40 ANOS – Uma pitada cultural
Por dever de ofício, como funcionário de um banco federal, trabalhei em várias cidades mato-grossense na última década do milênio passado, principalmente para laborar na aquisição do ouro in natura. Já na década seguinte participei como chefe de equipe de um time de motocross, que percorreu outras tantas cidades do estado, o que me deu uma boa visão do nosso continente mato-grossense.
Vivi, ouvi e participei das mais diversas ações que envolvem a nossa cultura.
Desde histórias curiosas em Nova Xavantina – que chegou a ser cotada para se tornar capital brasileira – do seu ouro com coloração e teor diferentes dos que conheci nas demais cidades, passando pela Cavalhada e Festa de São Benedito de Poconé, com suas cores berrantes e coreografias cinematográficas, até os desfiles escolares nos setes de setembro em Peixoto de Azevedo, onde víamos pessoas assistindo da porta das farmácias-clínicas, segurando o suporte com o soro para combater a malária vivax ou falciparum – definidas pela cor da medicação – onde a primeira era comum.
Convivi com artistas das mais diversas áreas.

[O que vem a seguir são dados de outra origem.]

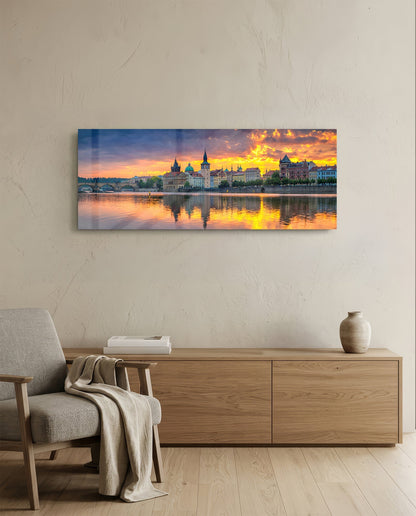 Prague Glass Wall Art displaying golden sunset over riverside cityscape with illuminated historic buildings reflected in water, hung above wooden dresser in modern room.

Tenho demandas com o escultor Sebastião Veloz e sua esposa GivaGomes, artista plástica.
Residem em Guarantã do Norte, onde o primeiro desenvolve com perfeição obras de arte usando madeiras descartadas pelas fazendas.

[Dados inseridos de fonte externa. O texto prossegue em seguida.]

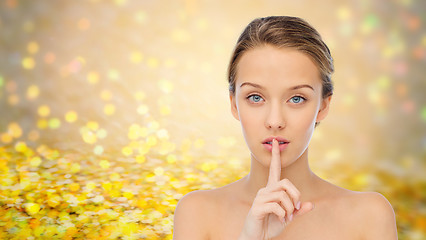 Image showing beautiful young woman holding finger on lips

Vi nascer do pau-brasil, mogno e amoreira queimada e inutilizada para a comercialização, uma bela mulher indígena e em profusão esculturas representando a fauna e a flora do Mato Grosso, além de uma série especial com alusão à literatura, com livros se esparramando dos troncos das árvores.

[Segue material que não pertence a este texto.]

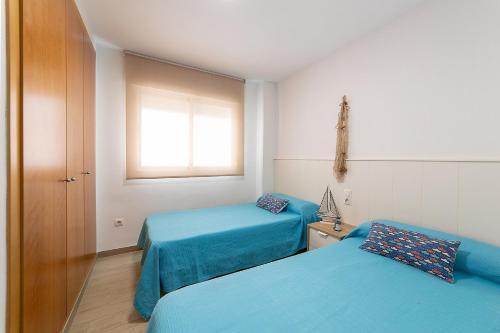 a small room with two beds and a window at Calma Mar in Los Mártires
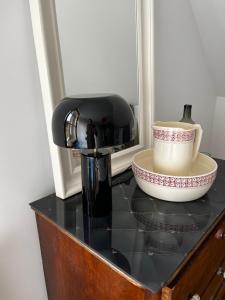 a black counter top with a coffee maker and a bowl at Allgäu Cottage - traumhafter Blick in die Schweizer Berge in Weiler-Simmerberg +41 photos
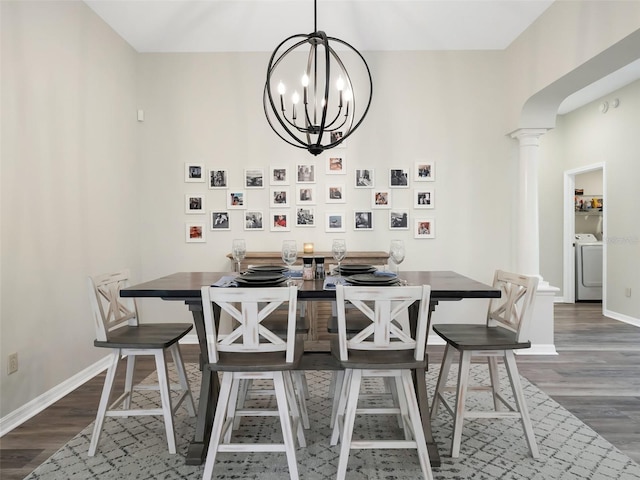 dining area featuring dark hardwood / wood-style flooring, washer / clothes dryer, a notable chandelier, and ornate columns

Como produtor cultural de uma exposição da GivaGomes, notei que ela jogou nas telas, toda uma década em que permaneceu na Congregação “Filha de Santa Maria da Providência”, em Anchieta, Rio de Janeiro, de 1980 a 1990, em naïf, através de cores vivas, tudo que se podia imaginar do cotidiano de freiras para o dia a dia das pessoas comuns, como um piquenique, um jogo de vôlei ou uma ceia.
Nos anos 2000 ingressei de cabeça na sétima arte e realizamos o filme “Esse aqui não!”, tendo o Joelson Santos como ator principal, ele que detém por duas oportunidades o título de melhor ator mato-grossense.
Levamos algumas peças teatrais para Tangará da Serra e intercambiamos com os grupos teatrais de Juína e Alta floresta.
Bairrista que sou realizei por algumas oportunidades, um concurso de fotografia em Rondonópolis, e o último foi do Ipê-amarelo da Praça Brasil, que veio ao chão este ano por uma lufada de vento, mas o resultado do concurso transformamos em cartão-postal, quem sabe para a posteridade.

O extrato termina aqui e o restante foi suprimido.